## [The task]
Return exactly those lines of the material below that fall between the line holding "91 Lake Shore" and the line holding "Dr. Fisher is", inclusive.

## [Input]
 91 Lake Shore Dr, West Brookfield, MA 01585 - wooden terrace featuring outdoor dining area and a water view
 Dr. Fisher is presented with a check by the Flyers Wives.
...
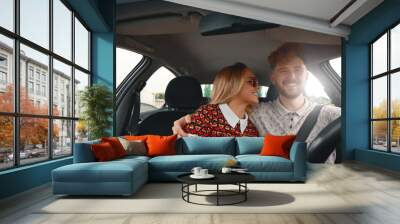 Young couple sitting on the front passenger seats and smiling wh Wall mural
---
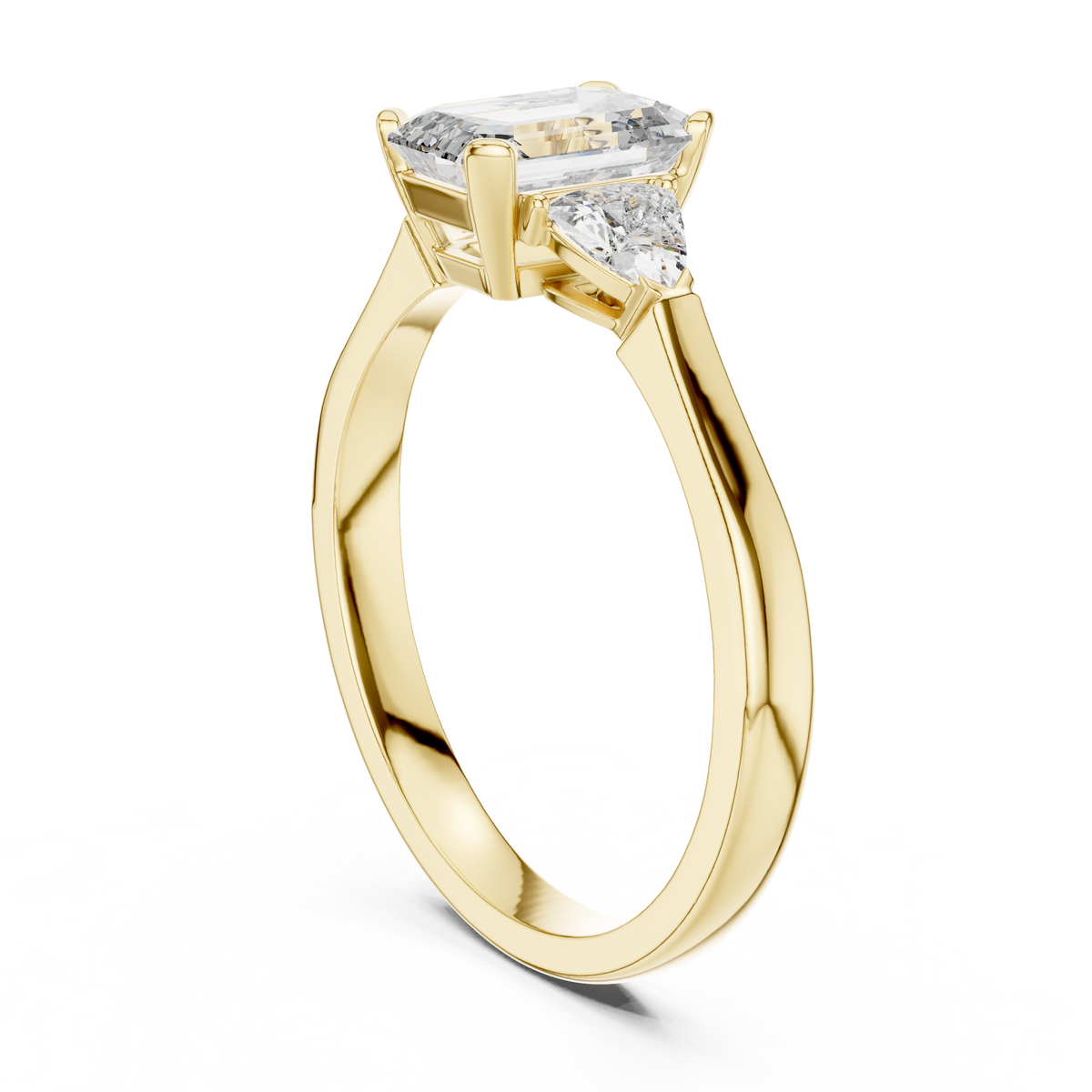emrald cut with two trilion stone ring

## [Task solution]
 91 Lake Shore Dr, West Brookfield, MA 01585 - wooden terrace featuring outdoor dining area and a water view
 Dr. Fisher is presented with a check by the Flyers Wives.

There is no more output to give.